[WHAT IS EXPECTED] Your copy should begin with the line containing "Here's a new", end with the line containing "As discussed in", match the listing below exactly, and contain no pictures.

SUPPLIED DATA Start Marker

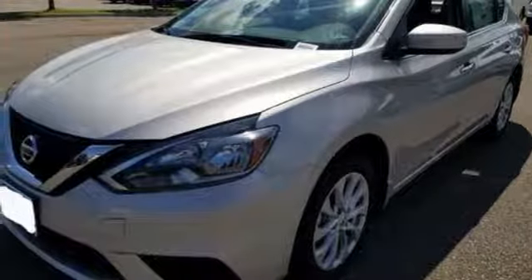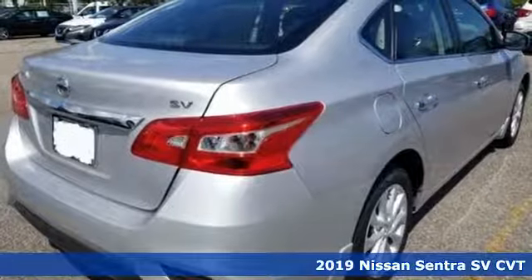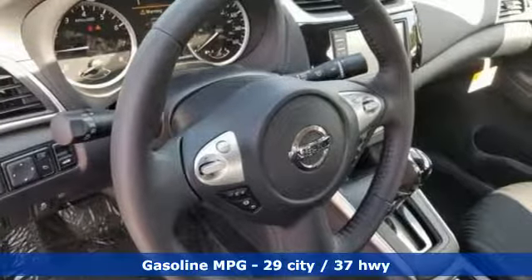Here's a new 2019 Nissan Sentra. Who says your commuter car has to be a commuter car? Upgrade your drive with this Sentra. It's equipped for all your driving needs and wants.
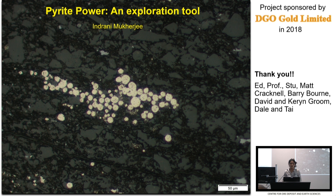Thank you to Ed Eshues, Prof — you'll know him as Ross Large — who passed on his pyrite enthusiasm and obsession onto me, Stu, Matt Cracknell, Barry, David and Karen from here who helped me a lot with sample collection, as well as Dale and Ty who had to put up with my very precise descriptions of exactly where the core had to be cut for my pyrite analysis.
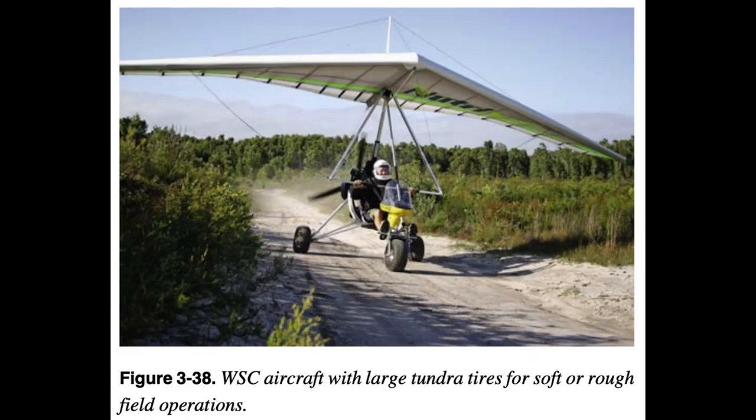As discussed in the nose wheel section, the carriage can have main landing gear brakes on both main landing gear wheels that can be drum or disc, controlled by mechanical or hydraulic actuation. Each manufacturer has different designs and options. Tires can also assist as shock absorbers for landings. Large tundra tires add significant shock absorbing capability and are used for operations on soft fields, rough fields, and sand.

SUPPLIED DATA End Marker
SUPPLIED DATA Start Marker

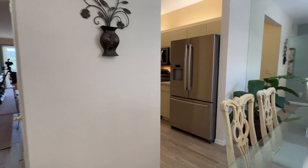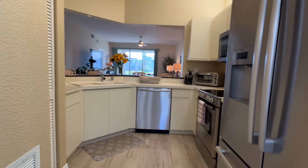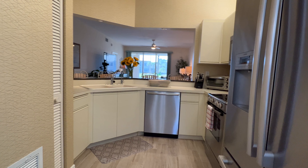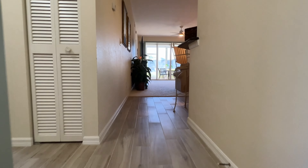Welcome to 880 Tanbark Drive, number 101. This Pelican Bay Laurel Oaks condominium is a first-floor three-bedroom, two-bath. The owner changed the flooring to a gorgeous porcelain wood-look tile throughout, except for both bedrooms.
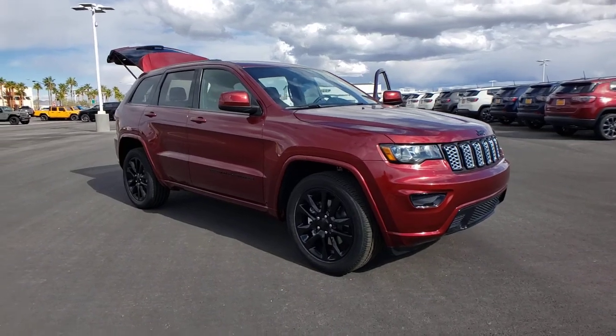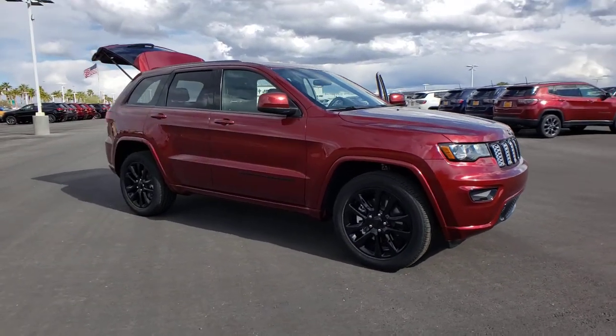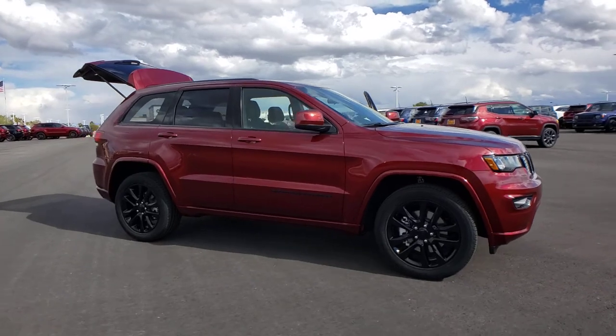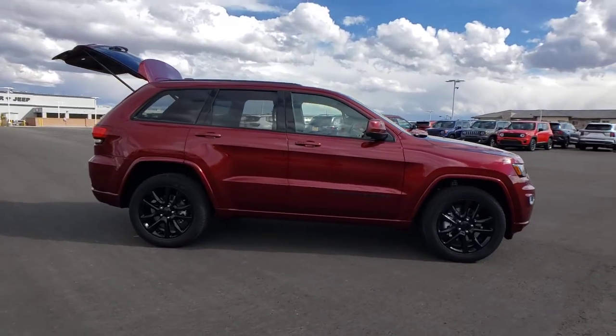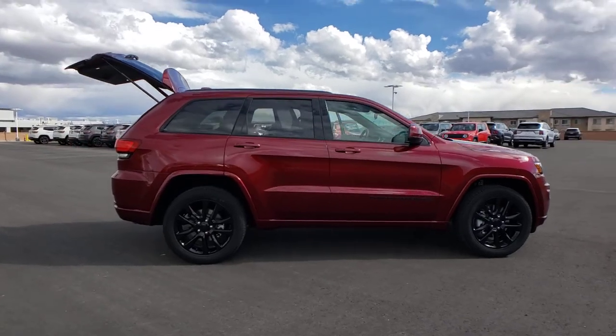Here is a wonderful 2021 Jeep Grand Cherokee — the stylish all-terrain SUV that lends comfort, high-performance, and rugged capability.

SUPPLIED DATA End Marker
SUPPLIED DATA Start Marker

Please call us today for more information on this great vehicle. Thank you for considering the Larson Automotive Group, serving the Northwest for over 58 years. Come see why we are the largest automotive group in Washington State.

SUPPLIED DATA End Marker

[RESPONSE TO THIS EXERCISE]
Here's a new 2019 Nissan Sentra. Who says your commuter car has to be a commuter car? Upgrade your drive with this Sentra. It's equipped for all your driving needs and wants.
Thank you to Ed Eshues, Prof — you'll know him as Ross Large — who passed on his pyrite enthusiasm and obsession onto me, Stu, Matt Cracknell, Barry, David and Karen from here who helped me a lot with sample collection, as well as Dale and Ty who had to put up with my very precise descriptions of exactly where the core had to be cut for my pyrite analysis.
As discussed in the nose wheel section, the carriage can have main landing gear brakes on both main landing gear wheels that can be drum or disc, controlled by mechanical or hydraulic actuation. Each manufacturer has different designs and options. Tires can also assist as shock absorbers for landings. Large tundra tires add significant shock absorbing capability and are used for operations on soft fields, rough fields, and sand.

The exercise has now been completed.